**AIM OF THE TASK**
Your copy should contain exactly the lines from the start of the material through the line containing "profile photo Oswaldo", and no pictures.
——
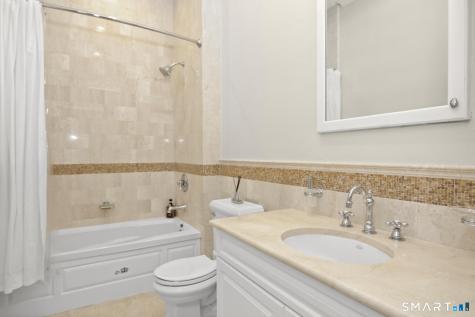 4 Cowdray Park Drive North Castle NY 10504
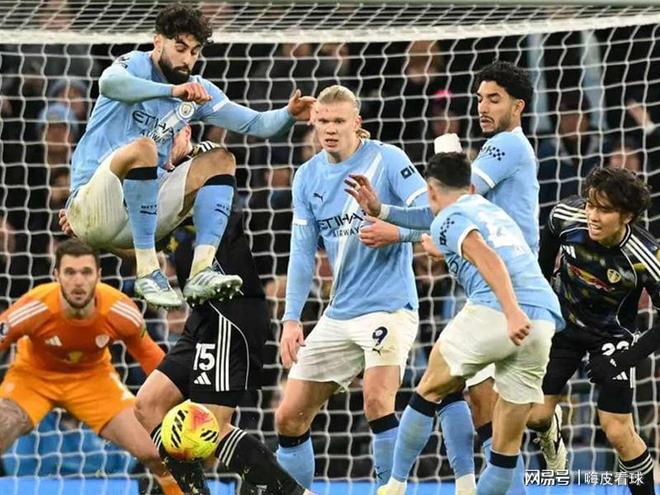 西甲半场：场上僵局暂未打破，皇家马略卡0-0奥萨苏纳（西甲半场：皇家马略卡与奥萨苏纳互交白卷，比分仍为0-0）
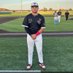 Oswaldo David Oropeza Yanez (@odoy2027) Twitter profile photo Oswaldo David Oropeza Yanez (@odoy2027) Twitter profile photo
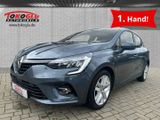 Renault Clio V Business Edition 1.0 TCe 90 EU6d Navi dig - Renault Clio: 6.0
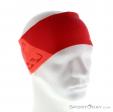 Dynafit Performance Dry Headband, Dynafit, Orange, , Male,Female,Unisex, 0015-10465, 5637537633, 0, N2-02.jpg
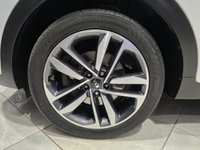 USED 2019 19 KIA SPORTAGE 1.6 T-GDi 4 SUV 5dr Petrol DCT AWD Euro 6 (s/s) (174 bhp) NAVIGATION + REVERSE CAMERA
——
**OUTPUT BELOW**
 4 Cowdray Park Drive North Castle NY 10504
 西甲半场：场上僵局暂未打破，皇家马略卡0-0奥萨苏纳（西甲半场：皇家马略卡与奥萨苏纳互交白卷，比分仍为0-0）
 Oswaldo David Oropeza Yanez (@odoy2027) Twitter profile photo Oswaldo David Oropeza Yanez (@odoy2027) Twitter profile photo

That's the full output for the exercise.